Le débat politique est consubstantiel aux démocraties et aux conditions d’échanges de parole dans des lieux dévolus à la délibération. Sa présence suppose l’actualisation de l’un des trois genres du discours mentionnés par Aristote (Rhétorique, I, 3, 1358 b 13-20) : le genre délibératif. Ce dernier vise à statuer sur le devoir-faire (projets, loi, décrets) d’une communauté nationale dans un lieu d’exercice du pouvoir. Ainsi le débat politique (et donc le genre délibératif) ne renvoie-t-il ni à la recherche de la vérité d’une factualité passée (c’est le genre judiciaire), ni aux louanges ou au blâme d’une personne (voir le genre épidictique), même si l’épidictique n’est pas toujours absent de certains débats politiques contemporains. Il est alors peu surprenant de constater l’articulation entre, d’une part, le débat politique et, d’autre part, la présence d’un public à convaincre, voire l’intervention de celui-ci, qui trouve son origine dans la démocratie grecque, plus particulièrement athénienne, du ve siècle avant J.-C.

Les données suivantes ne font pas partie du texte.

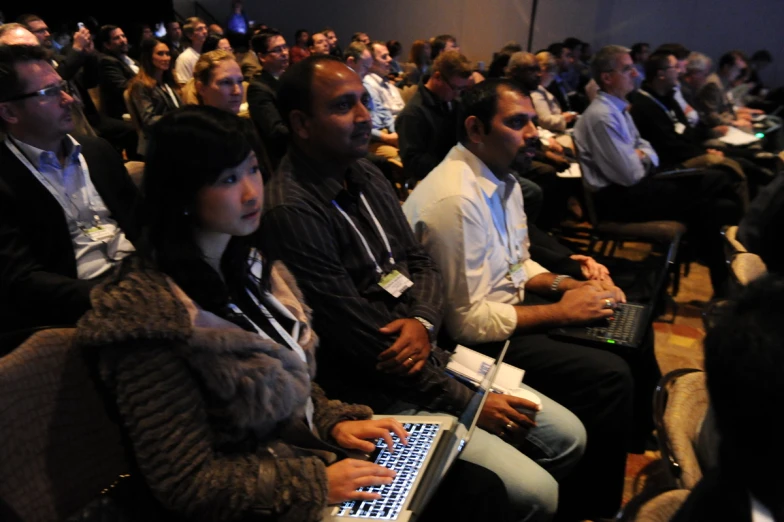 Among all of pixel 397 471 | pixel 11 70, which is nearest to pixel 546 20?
pixel 11 70

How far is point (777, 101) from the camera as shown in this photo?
810cm

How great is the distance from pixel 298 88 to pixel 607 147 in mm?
2336

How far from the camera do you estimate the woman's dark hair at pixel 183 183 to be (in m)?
1.06

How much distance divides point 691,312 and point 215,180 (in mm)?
3244

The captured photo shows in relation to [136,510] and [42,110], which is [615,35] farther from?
[136,510]

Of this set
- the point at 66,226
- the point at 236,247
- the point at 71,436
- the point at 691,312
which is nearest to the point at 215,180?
the point at 236,247

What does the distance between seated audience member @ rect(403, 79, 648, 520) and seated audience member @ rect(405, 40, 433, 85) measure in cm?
593

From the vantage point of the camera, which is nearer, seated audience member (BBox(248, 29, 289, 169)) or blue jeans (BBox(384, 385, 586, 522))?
blue jeans (BBox(384, 385, 586, 522))

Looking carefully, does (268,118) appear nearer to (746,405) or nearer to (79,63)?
(79,63)

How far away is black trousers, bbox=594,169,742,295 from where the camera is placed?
11.5ft

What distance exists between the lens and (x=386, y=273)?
1754 millimetres

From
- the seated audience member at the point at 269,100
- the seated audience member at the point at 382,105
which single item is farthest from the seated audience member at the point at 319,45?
the seated audience member at the point at 269,100

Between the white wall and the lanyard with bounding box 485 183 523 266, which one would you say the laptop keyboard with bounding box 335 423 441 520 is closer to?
the lanyard with bounding box 485 183 523 266

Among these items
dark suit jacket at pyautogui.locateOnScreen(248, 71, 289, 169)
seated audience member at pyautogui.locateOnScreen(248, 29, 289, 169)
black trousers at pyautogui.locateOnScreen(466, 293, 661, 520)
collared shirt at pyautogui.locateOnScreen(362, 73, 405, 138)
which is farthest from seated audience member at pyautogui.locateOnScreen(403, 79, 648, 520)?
collared shirt at pyautogui.locateOnScreen(362, 73, 405, 138)
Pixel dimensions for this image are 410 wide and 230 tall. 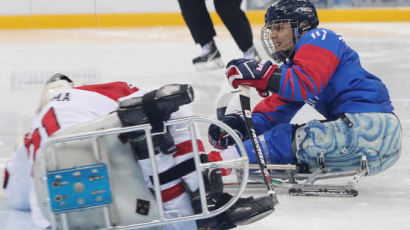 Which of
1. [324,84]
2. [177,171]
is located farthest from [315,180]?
[177,171]

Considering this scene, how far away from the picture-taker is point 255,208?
2016 mm

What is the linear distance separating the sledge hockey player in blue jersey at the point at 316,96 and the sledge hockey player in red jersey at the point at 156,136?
450 mm

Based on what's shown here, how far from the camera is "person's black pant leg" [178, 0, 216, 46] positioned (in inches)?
243

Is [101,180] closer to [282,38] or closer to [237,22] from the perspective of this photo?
[282,38]

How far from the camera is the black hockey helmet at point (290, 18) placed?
8.84 ft

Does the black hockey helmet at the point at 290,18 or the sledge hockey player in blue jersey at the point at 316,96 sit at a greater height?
the black hockey helmet at the point at 290,18

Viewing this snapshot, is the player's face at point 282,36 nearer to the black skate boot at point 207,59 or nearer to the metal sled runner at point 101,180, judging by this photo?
the metal sled runner at point 101,180

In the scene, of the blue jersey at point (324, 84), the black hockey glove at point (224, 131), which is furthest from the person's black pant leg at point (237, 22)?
the black hockey glove at point (224, 131)

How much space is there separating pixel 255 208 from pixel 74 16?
23.3 feet

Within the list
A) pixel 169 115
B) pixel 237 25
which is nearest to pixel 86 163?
pixel 169 115

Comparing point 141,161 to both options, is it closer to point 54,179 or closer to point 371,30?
point 54,179

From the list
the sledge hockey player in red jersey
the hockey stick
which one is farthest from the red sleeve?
the hockey stick

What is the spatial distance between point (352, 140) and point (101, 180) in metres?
0.99

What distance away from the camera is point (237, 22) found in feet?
20.5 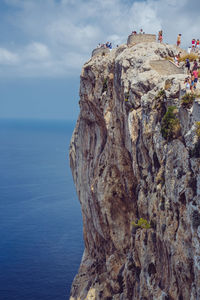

Dans la démocratie athénienne donc, l’Ecclésia était l’assemblée du peuple chargée de voter les lois (pouvoir législatif). Elle permettait l’intervention d’un orateur, autorisait la présence d’un public, en l’occurrence une assemblée composée d’un nombre restreint de personnes, parmi les 6 000 citoyens autorisés au sein de la Cité. L’Ecclésia prenait corps à travers un lieu spécifique : la Pnyx. Situé au centre d’Athènes et en surplomb de l’agora, la Pnyx autorisait l’immixtion d’un public qui, au-delà d’une délibération ponctuée par le vote, se voyait conférer un double rôle : à la fois un rôle spectatoriel (rires, applaudissements) et un rôle actoriel menant à une vraie participation orale (contestations, objections). Dans les faits, au sein de la Pnyx, et comme le signale Mogens H. Hansen (1991 : 355 sqq.), « les interruptions de l’auditoire étaient souvent impromptues ; elles consistaient parfois en questions ou en objections émises par un citoyen isolé ou par un petit groupe et même un dialogue pouvait s’instaurer entre l’orateur et l’auditoire désireux de clarifier tel point ». En cela, le débat politique antique illustrait déjà tant les vertus (limitation de la confiscation de la prise de parole) que les dérives (démagogie) d’une participation d’un public dans le contexte d’une délibération politique.

 

Débats politiques et espace public

En tant que format de parole privilégiant l’égalité de statut et de condition des débatteurs (Vion, 1992) doté de régularités structurales (égalité présumée des ressources des participants au débat, cohérence thématique, présence d’un arbitre ou modérateur), mais aussi en sa qualité de genre discursif délimité par un contrat de parole (Charaudeau, 1997) qui fixe les attendus du genre, le débat politique ne saurait se cantonner à des situations d’énonciation et à des lieux institutionnels (parlements, assemblées) où les publics font office de persona in absentia et non grata. Si le débat d’opinions, au XIXe siècle, ne se réduisait pas à l’activité du débat politique, entendu comme genre discursif, c’est dans la mesure où il existait aussi, et le phénomène s’intensifiera à la fin du XIXe siècle, des publics esthétiques et religieux (Tarde, 1901). L’importance de ces derniers a grandi à l’aune du développement de la presse populaire, en France et en Angleterre notamment, une presse qui a agi comme catalyseur de la conversation, nourricière des débats d’opinions.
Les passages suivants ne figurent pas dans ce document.